REPUBLIKA.CO.ID, ISTANBUL -- Perdana Menteri (PM) Recep Tayyip Erdogan mengecam kritik yang dilontarkan Dewan Uni Eropa.
Dalam pidato yang disiarkan stasiun televisi di Turki, dikutip dari Euro News, Erdogan menegaskan untuk tak mengakui keputusan yang diambil Parlemen Eropa terkait kerusuhan di Turki.
Pada Kamis lalu, Parlemen Eropa mengeluarkan resolusi yang mengecam kekerasan di Turki. Parlemen Eropa bahkan menyatakan sangat prihatin dengan tindakan kekerasan aparat keamanan Turki kepada demonstran.

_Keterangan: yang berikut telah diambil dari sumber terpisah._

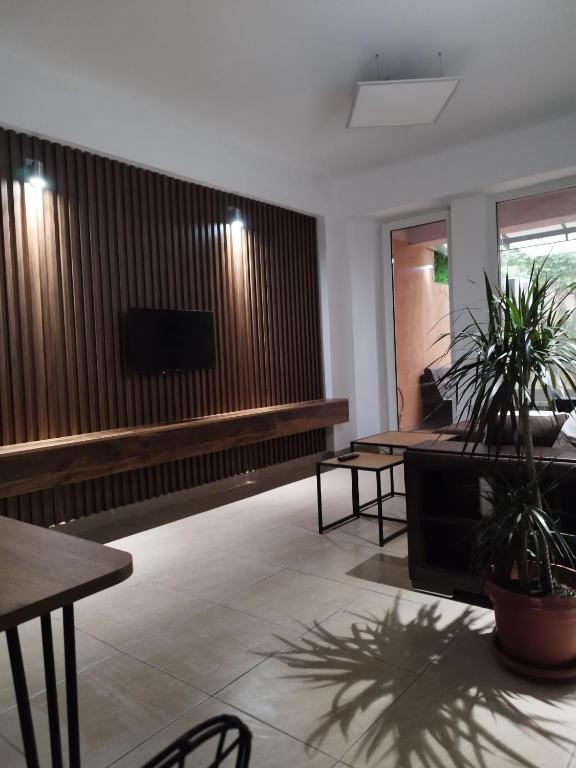 a living room with tables and a flat screen tv at Alexandria Lux Apartments in Karpoš Dva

Apalagi bentrokan itu, menyebabkan lima korban tewas dan 5 ribu lain luka-luka. Erdogan menyatakan, Parlemen Eropa tak sepatutnya mengecam Turki. Sebab, hingga kini Turki baru memiliki status sebagai kandidat.
"Mereka yang mengambil keputusan harusnya berkaca pada Yunani. Turki hanya calon, bukan negara anggota," ucap dia dikutip dari Euronews, Senin (17/6).
Ucapan dia terkait sikap diam Eropa ketika terjadi kekerasan aparat dalam kerusuhan di Yunani. Meski sempat mendeklarasikan keprihatinan, salah satu anggota Parlemen Belanda mengatakan pembicaraan terkait keanggotaan Turki harus terus dilakukan.
Anggota parlemen asal Belanda, Ria Oomen-Ruitjen mengatakan Eropa harus mengambil pelajaran dari apa yang terjadi serta memperlihatkan berbagai aturan dalam Uni Eropa. Termasuk tolak ukur bagaimana harus bertindak dan bereaksi kepada Turki.
Sementara itu, Menteri Turki untuk Urusan Uni Eropa, Egemen Bakhysh mengatakan kepada surat kabar Yenisafak bahwa keputusan Eropa tak masuk akal. Turki ucap dia telah menjadi negara demokratis dan bisa dicontoh negara-negara Eropa.
Menteri Luar Negeri Turki, Ahmet Davutoglu mengatakan tidak ada hak bagi Uni Eropa mengajarkan demokrasi kepada Turki. Termasuk, ucap dia pernyataan tidak masuk akal bahwa Turki melanggar hak-hak demonstran.
Sementara di Turki, Serikat Pekerja Turki meminta kepada seluruh anggota mereka untuk melakukan mogok kerja Senin. Serikat juga meminta seluruh anggota untuk ikut berdemonstrasi melawan kekejaman polisi kepada para aktivis.
Sementara itu, Menteri Dalam Negeri, Muammer Guler mengeluarkan peringatan keras kepada penyelenggara pemogokan. Ia mengimbau kepada para pekerja termasuk buruh untuk tak berpartisipasi dalam demonstransi yang melanggar hukum.
"Jika tidak maka mereka akan menanggung konsekuensi hukum," ucap Muamer Guler, Senin (17/6).
Sehari sebelumnya, polisi anti huru-hara mengepung dan memblokir jalan sambil menyemprotkan meriam air dan gas air mata. Polisi berusaha mencegah pengunjuk rasa kembali berkumpul di Alun-Alun Taksim.
Polisi hingga Senin masih mempertahankan kekuatan mereka di Alun-Alun Taksim. Pihak pemerintah pun sudah membuka kembali stasiun kereta bawah tanah yang sebelumnya ditutup karena pengunjuk rasa mencoba kembali ke Taksim.